Oleh: Roliv
Metode dialektika bukanlah metode yang diciptakan oleh Marx. Sejarah mencatat bahwa metode dialektika telah dipraktikkan untuk pertamakali oleh Zeno dari Elea (490 SM) seorang filsuf yunani kuno yang diabadikan oleh karya-karya dialog Plato dan dipraktekkan lebih intens lagi oleh Sokrates (470 SM).
Metode dialektika kuno secara konsepsi berasal dari metode pencarian kebenaran dalam bentuk tanya jawab (dialog). Metode ini mengawali pencarian kebenaran melalui sikap mempertanyakan segala sesuatu, mengoreksi rasio semua jawaban dan mengkonfirmasi jawaban untuk menguji ketersalinghubungan diantara jawaban-jawaban tersebut. Metode ini dianggap sangat efektif untuk mencari kebenaran pada masanya bahkan hingga saat ini metode dialektika masih dapat ditemukan dalam perdebatan-perdebatan dialogis sebagai taktik untuk mengalahkan argumen lawan bicara (reductio absordtum). Namun, metode dialektika kuno ini memiliki keterbatasan serius dimana metode ini tidak akan mampu menjawab permasalahn-permasalah non dialogis seperti pengetahuan empiris.
Hegel melalui pandangan metafisisnya dengan menekankan pandangannya pada logika membangun persepsi gerakan tritunggal yang disebutnya sebagai dialektika. Bagi Hegel, dialektika tidak lagi sekedar metode dialogis tapi juga metode mencari kebenaran universal. Hegel menggambarkan dialektika terdiri atas tesis, antitesis dan sintesis. Metode ini juga yang melahirkan filsafat sejarah Hegel. Dialektika Hegel selalu berupaya membangun sistem yang menjadi kebenaran absolut sebagaimana tradisi pendekatan filasafat pada umumnya yang membutuhkan kepastian awal dan akhir segala sesuatu. Konstruksi idealisme dan metafisis Hegel dijelaskannya melalui argumen bahwa perkembangan alam maupun masyarakat merupakan suatu upaya penyadaran diri yang dilakukan oleh roh (Geist), proses ini melibatkan transformasi terus menerus hingga mencapai puncaknya pada tahap “pengetahuan absolut”.

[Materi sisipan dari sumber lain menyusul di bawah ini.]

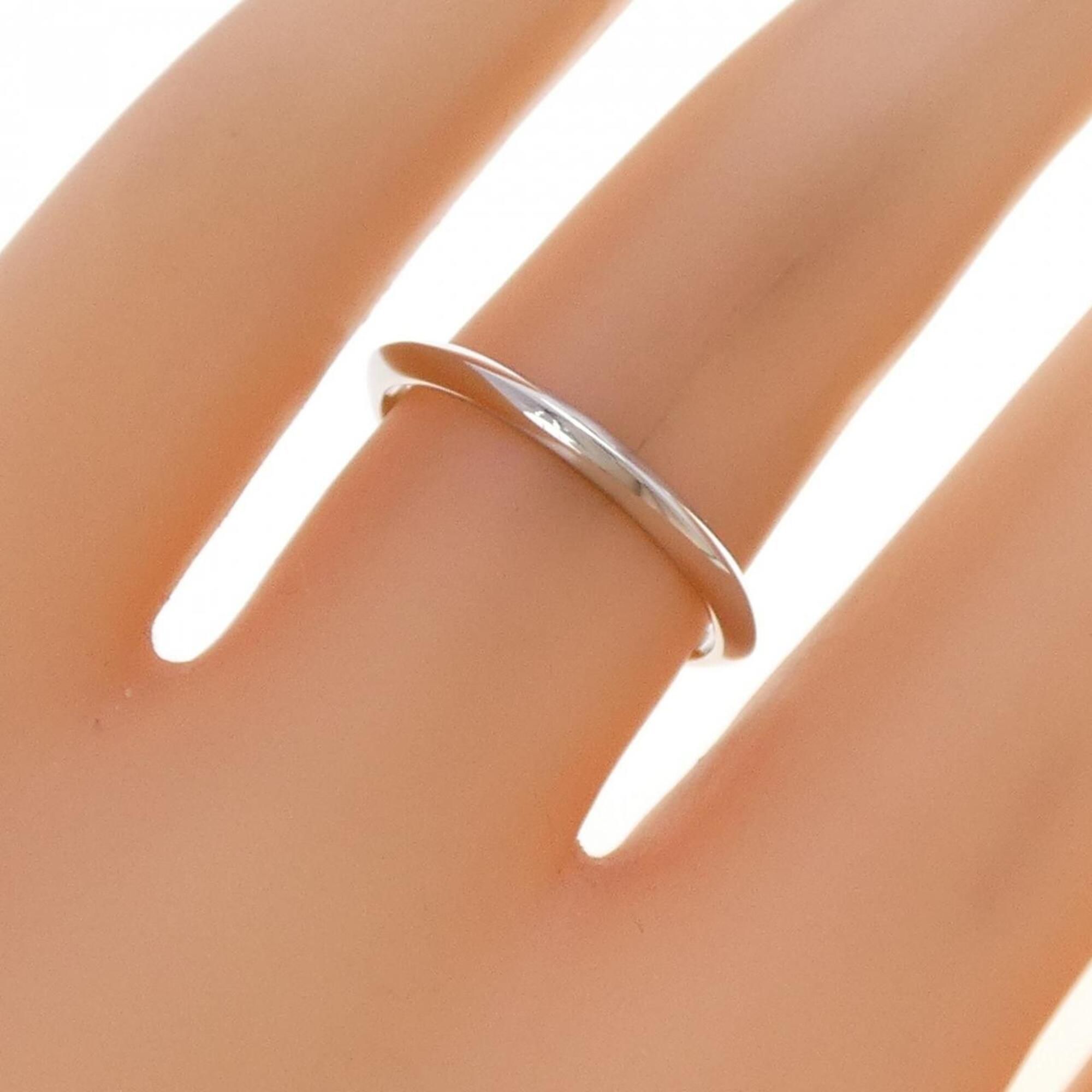 Platinum 950 Band Ring (Pre-Owned) - Tiffany - Modalova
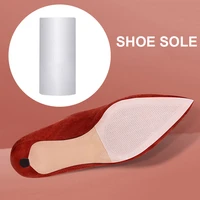 shoes sole protector tape for women high heels outsole anti slip replacement cushion patch repair cover self adhesive stickers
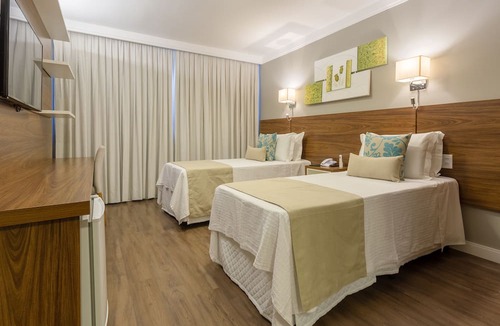 Regiao Urbana Homogenea IX Hotel | Hotel Villa Fiori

Berseberangan dengan Hegel, Marx menyatakan bahwa perkembangan masyarakat tidak didasarkan pada roh atau “pengetahuan absolut” akan tetapi berasal dari dampak kontradiksi dan interelasi material yang ada dalam alam dan dalam masyarakat. Meskipun begitu, Marx menemukan karakter revolusioner dari dialektika Hegel yang tidak pernah dijelaskan secara tegas oleh Hegel sendiri yakni, dialektika menempatkan segala sesuatu dalam gerak perubahan sehingga segala sesuatu yang ada pasti musnah. Diktum ini dengan sendirinya menghancurkan anggapan tentang akhir pengetahuan manusia atau ide absolut itu sendiri. Lebih jauh lagi dijelaskan oleh Engels dalam “Ludwig Feurbach dan akhir filsafat jerman (1886)” bahwa di tangan Hegel tidak ada lagi kebenaran berupa pernyataan dogmatis atau hasil kognisi yang kemudian hanya perlu dihafalkan dalam hati, kebenaran terletak pada proses panjang meraih pengetahuan, yang meningkat dari yang rendah hingga yang semakin tinggi tanpa pernah mencapai ujung.
Marx tidak meninggalkan dialektika, akan tetapi mencerabut akar idealisme dan metafisika dalam dialektika dan memberikan materialisme sebagai landasannya. Dengan begitu dialektika tidak lagi berjalan dengan kepalanya namun dengan kakinya dan tidak terpisah dari realitas.
Marx menerima pendapat Hegel dengan modifikasi dari materialisme. Marx menerima interaksi dialektika yang digagas Hegel, tapi menurut Marx itu gak terjadi di wilayah kesadaran manusia, Marx juga menolak gagasan Ruh Abadi yang menggerakan dialektika. Kesadaran manusia, secara dialektis berkembang karena dia "beraktivitas". Aktivitas dan interaksi manusia dengan dunianya lah yang mengembangkan kesadaran itu.